The Very Large Array is a radio interferometer located on the Plains of San Agustin, about 150 km southwest of Albuquerque, NM, and is operated by the National Radio Astronomy Observatory for the National Science Foundation. (This is a particularly auspicious time for me to be answering this question since I just returned from a tour of it.)

An analogy might be useful in explaining how an interferometer works. Suppose one had a large telescope. The resolution of a telescope is related directly to its size. The larger a telescope is, the better angular resolution it produces; angular resolution is simply how well one can resolve fine details. An an example, if one can read the writing on a dime on the other side of a room, one has good angular resolution.

Now imagine covering a tiny portion of the telescope's mirror. If one covers a sufficiently small region, that will leave the telescope's angular resolution essentially unchanged. Now imagine covering three tiny portions of the mirror. Again, if the three regions are sufficiently small, the angular resolution of the telescope is unaffected.

How many small regions can be covered before the telescope's angular resolution is affected significantly? The surprising answer is that most of the telescope's mirror can be covered, yet the telescope would retain essentially all of its angular resolution (provided the telescope is covered randomly; if only the outer portions of the mirror are covered, this is equivalent to making the telescope smaller). Why bother making one large telescope mirror, only to cover most of it? Why not simply make a bunch of small telescope mirrors, then arrange them in the shape of a larger mirror, thereby making a large virtual telescope?
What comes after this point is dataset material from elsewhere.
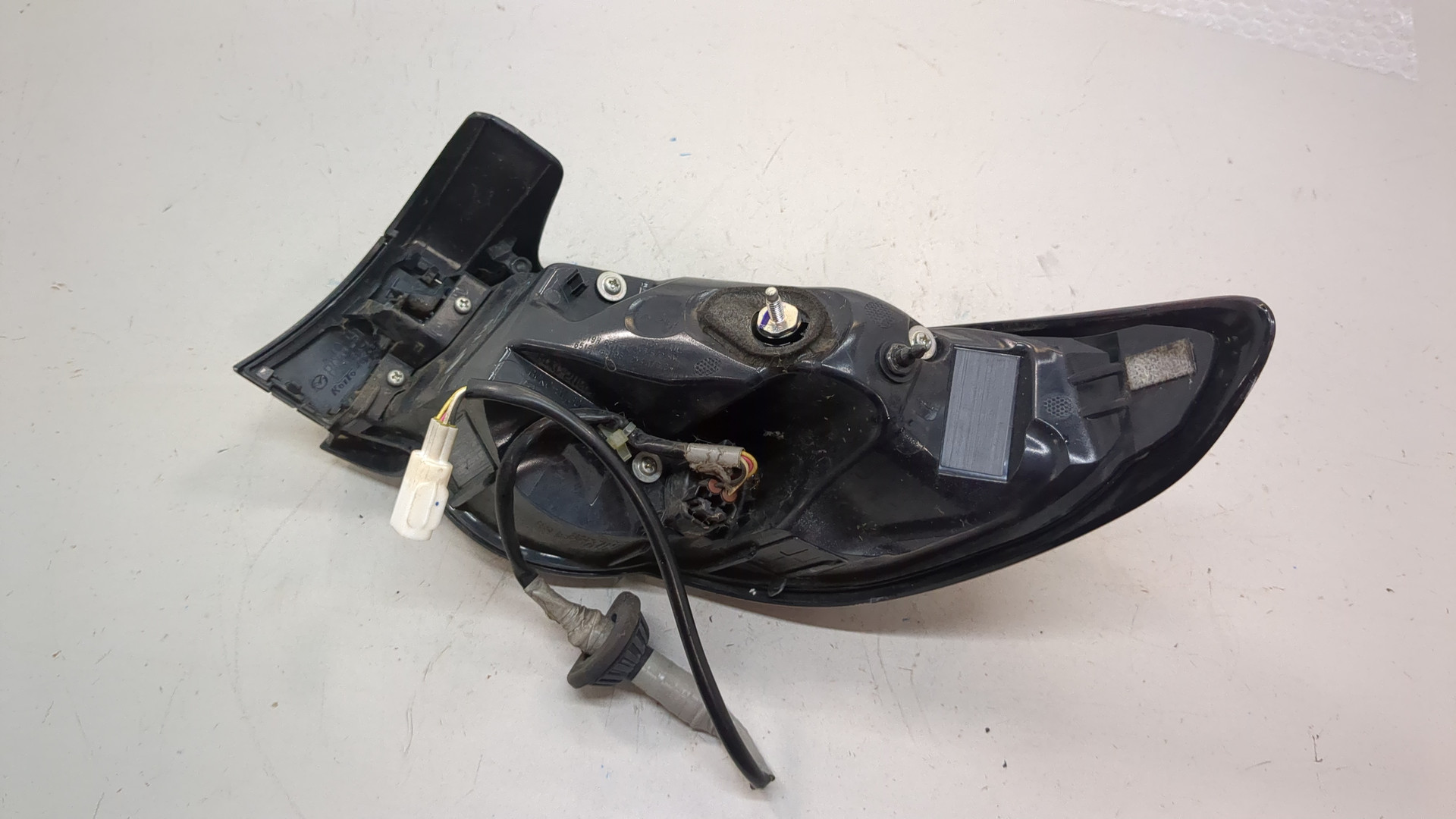 Фонарь задний левый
This is what an interferometer is designed to do. An interferometer consists of two antennas separated by some distance, let's call that B. This distance is often termed the interferometer's baseline. By combining the signals from the two antennas, one forms a virtual telescope whose size is about B. For instance, the longest baselines at the VLA are about 35 km in length. Thus, with these baselines, one forms a virtual telescope about 35 km in size. Equivalently, if one observes a celestial source at the wavelength of 21 cm, one produces a virtual telescope with an angular resolution of about 1 arcsecond. (Recall that 1 degree is divided into 60 arcminutes, 1 arcminute is divided into 60 arcseconds, and the unaided human eye can see details no better than about 1 arcminute.)
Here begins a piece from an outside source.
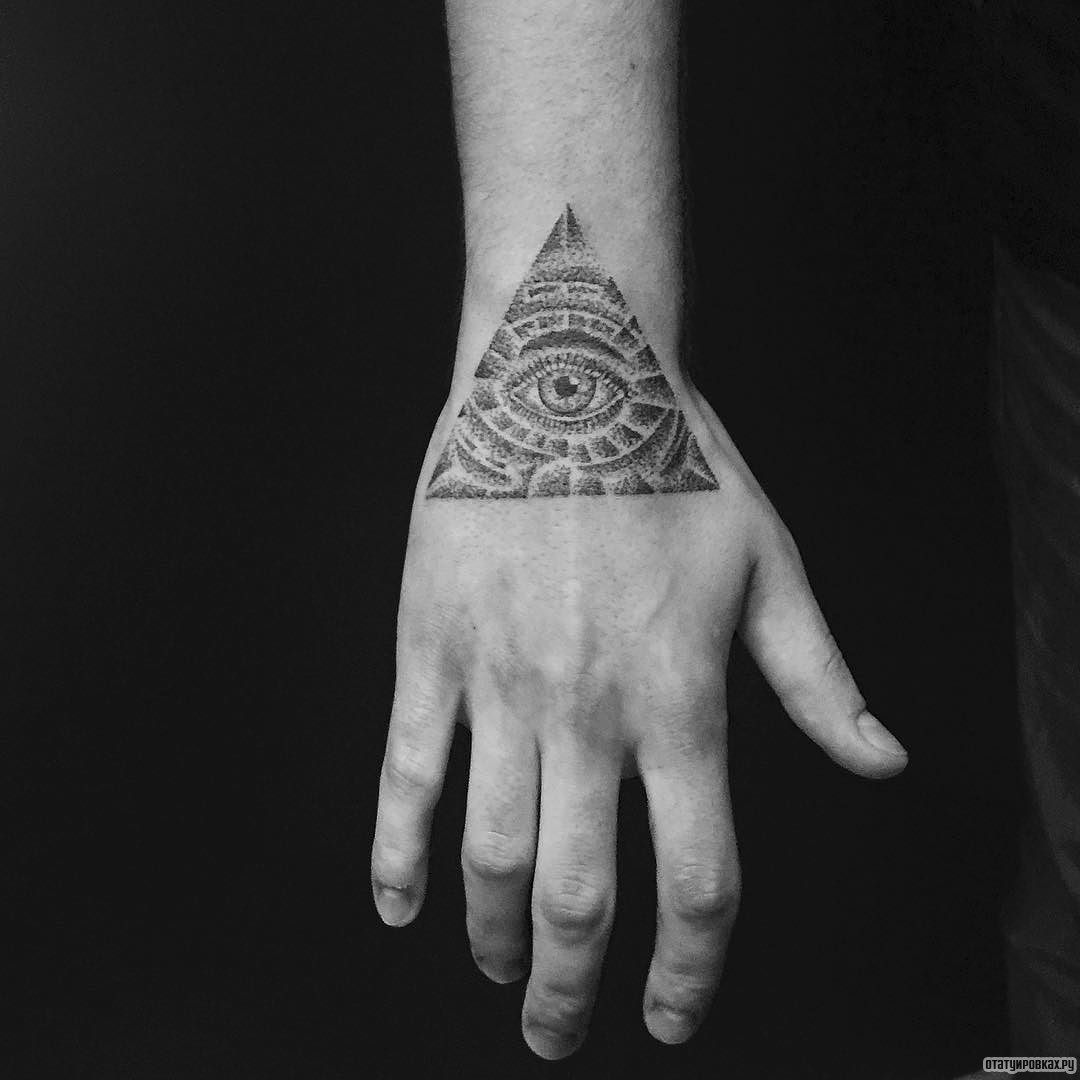 Фотография татуировки под названием «Всевидящее око в виде пирамиды»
(There's also no reason to stop at 35 km. One can imagine linking together telescopes on opposite sides of a continent, opposite sides of the planet, or even in space to form a virtual telescope as large or larger than Earth. This technique is called very long baseline interferometry. There's also no reason that interferometry cannot work at wavelengths other than radio. However, it is technically far more difficult. For instance, one has to know the length of the baseline to a fraction of the wavelength of the radiation. That's not too difficult when the wavelength is 21 cm; it's quite a task when the wavelength is 500 nm = 0.0005 mm.)
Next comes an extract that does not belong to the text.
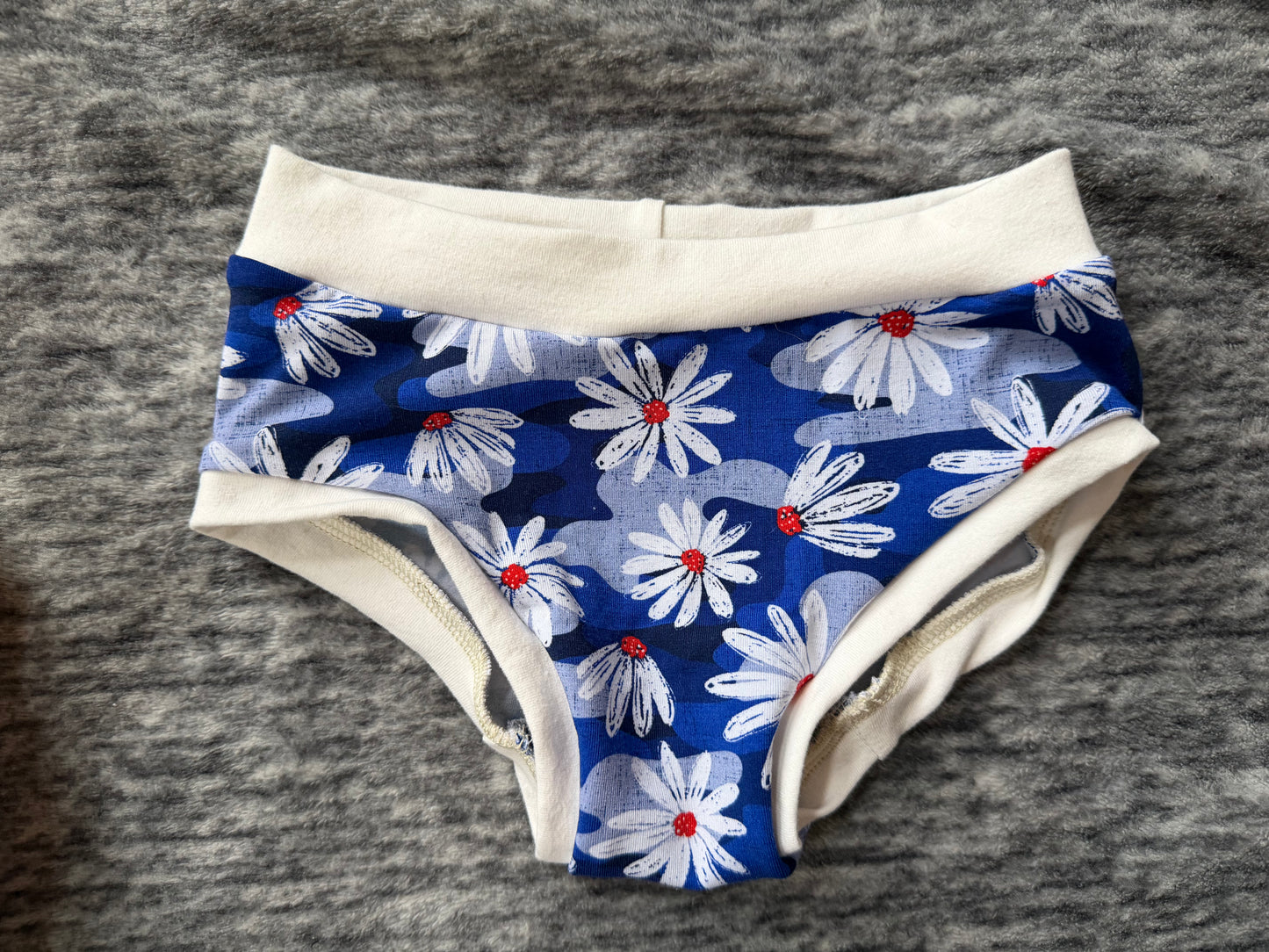 Daisies bamboo kids size 5 underwear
The VLA consists of 27 antennas arranged in a Y shape. (Actually, 28 antennas, but at any given time one antenna is rotated into the Antenna Assembly Building or "elephant barn" for maintenance.) Some antennas are relatively close together, while others are farther apart. Each (unique) pair of antennas forms an interferometer, and when all of the interferometers are combined together, one forms a reasonably "filled" virtual telescope. (In the case of the VLA, the 27 antennas form 27*26/2 = 351 unique pairs.)

Why does the VLA contain so many antennas? Above I wrote that an interferometer with a 35 km baseline produces a virtual telescope about 35 km in size. That's only partially true. The problem with a single interferometer with a 35 km baseline is that it doesn't have any 25 km baselines or 20 km baselines or 10 kilometer baselines or .... Returning to my example of being able to read the writing on a dime, imagine being able to read only the writing on the dime, but not being able to see the dime itself. The dime is much larger than the writing so it requires less angular resolution to see. By having lots of antennas and a range of baselines, the VLA allows one to build up a more complete picture of a celestial source.

I should point out that interferometers have a cost. In the case of the VLA, the twenty-seven 25-meter antennas are far easier to build than a single 35 km diameter telescope. However, combining the signals from the individual telescopes is a massive computational task.

Other important existing or planned radio interferometers include the Australia Telescope Compact Array, the Atacama Large Millimeter Array, the Giant Metrewave Radio Telescope, a space-based VLBI satellite named HALCA, the Low Frequency Array, the Very Long Baseline Array, the Westerbork Synthesis Radio Telescope , and the Square Kilometer Array.